Он вернул своё историческое имя и опять стал Давидом. Кошерность питания его не волновала. Морковки в Израиловке навалом.

 

Прошло время. Много времени…

На сцене сидел измождённый старец. Он напоминал мумию, чудом сохранившееся свидетельство цивилизации. Рядом с ним стояла большая жаровня. Два повара араба ловко орудовали щипцами и бутылками с соусом. Чуть сбоку стоял небольшой столик, сервированный на одну персону.

 

Додик давно уже почувствовал, как он устал и отстал от жизни. Родственники и их дети поумирали, общаться стало не с кем. Окружающие его молодые люди не понимали его, он не понимал их. Вроде и разговаривали на одном языке, но они употребляли столько новых слов и терминов, что не всегда сами понимали друг друга. Его жизнь их не интересовала, не интересовала она больше и его.

Сегодня он решил публично уйти из этой долгой жизни. Метод был выбран жуткий. На сцене он должен был съесть порцию котлет с жареной картошкой и запить всё бокалом вина.

После стольких лет воздержания смерть должна была наступить мгновенно.

Повара с трудом сдерживали радость по поводу предстоящей казни.

 

Огромный зал был полон. Гости и многочисленные родственники разместились на оббитых государственым флагом стульях необычной формы. Удушающий запах жареных котлет с картошкой заполнял остальное пространство.

Откуда-то лилась компьютерная музыка. На стенах появлялись виртуальные картины из прошлого. 

Фотографии молодого боксёра на ринге, расточника шестого разряда, склонившегося к станку, странички из какого-то журнала с двумя курицами, улыбающихся Давида с женой в аэропорту Бен-Гуриона. Потом появились виды Суэцкого канала, цветущего Синая, Аммана, горного Ливана и других, когда-то чужих территорий. Было тихо. Гости обменивались мыслями, используя вживлённые под кожу головы чипы. Вдруг юноши заулыбались, девушки покраснели. Кто рассказал непристойный анекдот.  

Цифры 118 были повсюду. На ажурном подвесном потолке, на огромных шарах в форме морковок и кочанов капусты, летающих по заданной программе над присутствующими. Это число было вышито даже на кипах у мужчин. 

 

Додик был горд собой. Изнуряя себя аскетизмом, он доказал правоту авторов памятной статьи в журнале. Давно ушла из жизни его жена, не захотевшая перейти на кроличье питание. Круг его редкого общения теперь составляли внуки его родственников - одногодков и престарелая внучка старожила их городка.

 

За экзекуцией наняли наблюдать доктора, дальний предок которого, якобы, знал легендарного читателя журнала "За рулем". 

Предок, православный во всех поколениях, неизвестно, как и за сколько попал на землю обетованную.

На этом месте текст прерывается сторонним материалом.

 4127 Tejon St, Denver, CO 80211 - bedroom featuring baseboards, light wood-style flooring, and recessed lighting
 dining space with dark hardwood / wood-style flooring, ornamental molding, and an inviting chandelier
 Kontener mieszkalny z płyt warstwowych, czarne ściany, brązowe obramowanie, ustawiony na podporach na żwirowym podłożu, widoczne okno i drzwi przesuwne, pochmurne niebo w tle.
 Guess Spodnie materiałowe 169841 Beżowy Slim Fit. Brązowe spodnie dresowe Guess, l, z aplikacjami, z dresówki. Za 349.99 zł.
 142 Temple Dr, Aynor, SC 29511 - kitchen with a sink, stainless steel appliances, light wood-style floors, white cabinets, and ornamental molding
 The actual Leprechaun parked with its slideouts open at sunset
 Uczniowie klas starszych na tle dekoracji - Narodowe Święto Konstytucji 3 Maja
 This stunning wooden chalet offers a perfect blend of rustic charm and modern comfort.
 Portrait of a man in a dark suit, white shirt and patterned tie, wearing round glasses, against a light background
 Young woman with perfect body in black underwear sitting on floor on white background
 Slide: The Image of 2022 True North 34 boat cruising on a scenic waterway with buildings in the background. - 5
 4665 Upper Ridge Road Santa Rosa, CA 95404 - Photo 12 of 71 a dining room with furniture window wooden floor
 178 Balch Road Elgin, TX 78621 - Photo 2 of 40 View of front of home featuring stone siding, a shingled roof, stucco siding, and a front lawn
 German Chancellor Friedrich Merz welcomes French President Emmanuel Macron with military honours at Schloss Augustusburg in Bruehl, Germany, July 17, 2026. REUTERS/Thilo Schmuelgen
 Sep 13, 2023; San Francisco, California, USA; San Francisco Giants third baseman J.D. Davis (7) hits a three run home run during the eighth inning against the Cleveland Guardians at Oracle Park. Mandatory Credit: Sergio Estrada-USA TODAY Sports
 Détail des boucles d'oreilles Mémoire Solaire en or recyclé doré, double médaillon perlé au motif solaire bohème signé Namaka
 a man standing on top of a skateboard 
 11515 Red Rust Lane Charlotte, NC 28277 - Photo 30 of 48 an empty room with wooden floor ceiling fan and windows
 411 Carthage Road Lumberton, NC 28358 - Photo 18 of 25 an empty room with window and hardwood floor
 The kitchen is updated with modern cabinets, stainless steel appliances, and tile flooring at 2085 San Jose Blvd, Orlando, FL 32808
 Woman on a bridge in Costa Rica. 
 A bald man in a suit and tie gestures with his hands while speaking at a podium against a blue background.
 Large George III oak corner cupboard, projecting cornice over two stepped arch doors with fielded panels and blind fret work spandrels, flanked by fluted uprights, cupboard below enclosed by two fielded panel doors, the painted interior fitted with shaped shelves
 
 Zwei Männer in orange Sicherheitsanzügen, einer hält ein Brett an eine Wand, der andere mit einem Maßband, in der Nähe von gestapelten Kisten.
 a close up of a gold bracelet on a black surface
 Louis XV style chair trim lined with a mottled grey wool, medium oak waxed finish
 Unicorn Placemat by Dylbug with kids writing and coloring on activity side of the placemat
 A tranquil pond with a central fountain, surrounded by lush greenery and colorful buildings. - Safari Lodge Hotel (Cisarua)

Разумно изменил распространенную на земле исхода славянскую фамилию и стал евреем по фамилии ЗаЕц.

Теперь его преуспевающий потомок удивленно спрашивал дальнего родственника Додика:

     - Кто его надоумил заниматься такими опасными экспериментами?

     — Это ещё в Союзе началось. Додик прочитал где-то статью о минимальном питании и начал ей следовать.

     - М-да. – поднял брови рофе. – Мой дед когда-то говорил: “у каждого Додика своя методика” …

     - …А у каждого Абрама своя программа, - не открывая глаз, прошептал дистрофик.

     - Ого! – воскликнул доктор Заец. – Дела не так плохи. Что ж, будем лечить. И кормить. Если потребуется, принудительно. Иначе не дожить ему до ста двадцати.